20 August 2010 by Dawn
The Lost Symbol by Dan Brown
Readers of Dan Brown, famous for the blockbuster novel and movie, ‘The Da Vinci Code’, will know that his most recent art linked tale, ‘The Lost Symbol’ delves into the hidden world of Masonic secrets and legends.
I was intrigued to hear that secret messages and symbols in Albrecht Dürer’s ‘Melancholia I’ play a key role in the elaborate plot which sees Robert Langdon decipher a number of clues. The intricate engraving is currently on show at the Lady Lever Art Gallery as part of the Dürer & Italy exhibition.
Langdon and his comrade Katherine Solomon examine the composition carefully, making particular note of its ‘magic square’. Using the numbers as the key to a hidden code, they go on to interpret the letters on a Masonic pyramid. I won’t say too much more as I don’t want to spoil the plot. However, a trip to the Lady Lever Art Gallery would be well worth the effort for any Dan Brown fan (not only because of the Dürer & Italy exhibition which runs until Sunday 26 September 2010), but because Lord Leverhulme was himself involved with freemasonry and there are many Masonic items in our collections.
However, if you can’t make it to the gallery and want to have a go at deciphering the clues in the Dürer etching you can take a closer look at it by using our ‘zoomify’ feature.
To celebrate the occasion we have 4 paperback copies of ‘The Lost Symbol’ to give away and one audio CD in an online draw. To enter just answer the following question:
In Dan Brown’s, The Lost Symbol, Langdon examines the ‘magic square’ in Dürer’s Melancholia I. What number do each of the rows, columns, diagonals, quadrants, the centre-squares and four corners each ‘magically’ add up to?

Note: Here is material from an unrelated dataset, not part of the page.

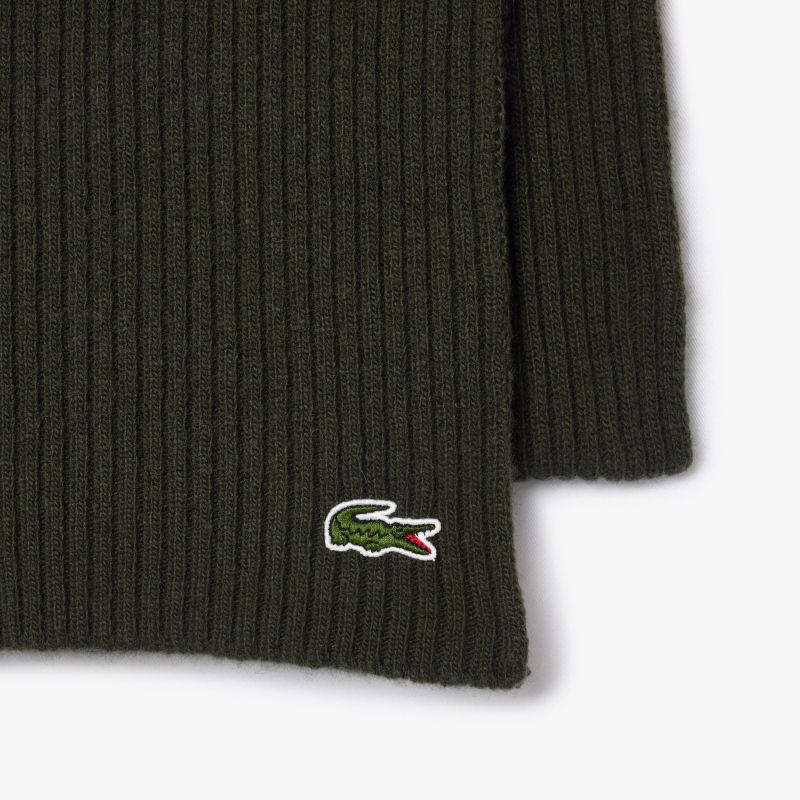 Мужской шарф Lacoste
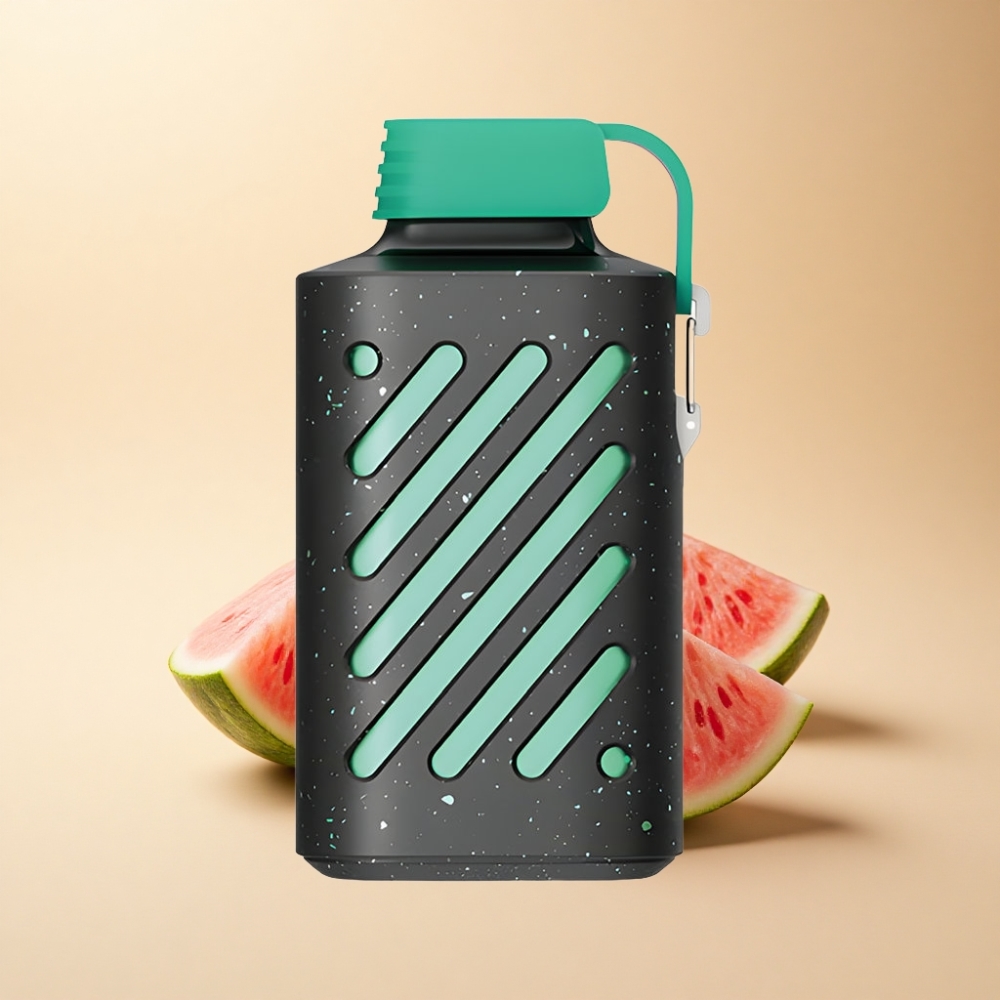 VOZOL GEAR 10000 Disposable Vape Vannmelon Tyggegummi med 20 ml E-væske og VAMT Mesh Coil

Update: The answer is, of course, 34! The exhibition finishes this coming Sunday 26 September, so it’s the last chance to go and see this amazing artwork at the Lady Lever Art Gallery. Congratulations to competition winners Steven Green, Arthur Adam, Alison Eden and Angie Irwin who all win a copy of the Dan Brown paperback. The CD goes to Joe Leather.